Thank you Terry for your thoughts. I do ... play the dulcimer ... but am not restricted to D. While I will be playing the psaltery, I have the hopes that my wife will find the joy of music in a shared instrument and I will have a partner to make music with.


So if a psaltery is tuned to D is that the first note of it's scale?

Not sure on that one.  The dots on C psalteries are usually on the Cs and Gs.  On a D psaltery they would be on the Ds and As.  The C and the F on the right side would be tuned to C# and F# and then the plain C and F would be on the left side of the psaltery.  It's like playing in the key of C on a piano and not needing to use the black keys much.  If a psaltery is TUNED to D you are mostly playing on the right side of your psaltery if your song is in the key of D.  Great if you're playing along with dulcimer music, hammered dulcimers and many music CDs.  Seems a lot of my music I like is in D.   Psalteries start at different notes depending on how many strings.  Personally, I now prefer psalteries with at least 30 strings.  That gives you a lower range of notes and enough notes that double bowing is more possible later.    That's why a tenor is pretty neat.  Listen to some of my videos I've posted.  I play mostly tenor and baritone and you can get an idea for sound.  For that matter there are MANY videos posted by members and you can see which psalteries you like that way.   Hope this helps.  Rick Long makes a D tenor but that wouldn't be the best for an all around psaltery - as you'd be limited to ONLY D songs.  A regular tenor tuned to D gives you more possibilities for playing in other keys too.  Hope this helps some.  Ask if you have any other questions.  If I don't know the answers, others undoubtedly will.  BTW - I've only been playing psaltery since last Sept.  but I play a LOT.
Playing a lot will do it. I watched all the videos on your page. Impressive. You play with confidence. I agree I like the lower tones as well, but just getting my feet wet. I'm trying to keep my self in a budget. Hard times stay away from my door. I'm using the excuse of an upcoming birthday.  Maybe later down the road.
I had to save up for my baritone that way.   My other one is a no name one I found on ebay.  I restrung that one with wound strings to lower the sound and it needed some other tweaking but sounded OK after some work.   Someday - I hope to save enough for one of Rick's tenors though.
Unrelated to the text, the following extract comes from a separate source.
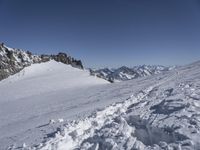 Snowy Mountain Landscape in the Italian Alps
Hi John!   There's nothing like having someone to play music with so I hope it works out that way for you and your wife.

Wow, so much to say about buying a psaltery. I have seen and played a Unicorn and they are nice instruments, I personally don't care for the way they string their instruments though. I like one string to one pin. That psaltery on cricket fiddle does look well made, but I can't speak to what it might sound like though I suspect it would be just fine.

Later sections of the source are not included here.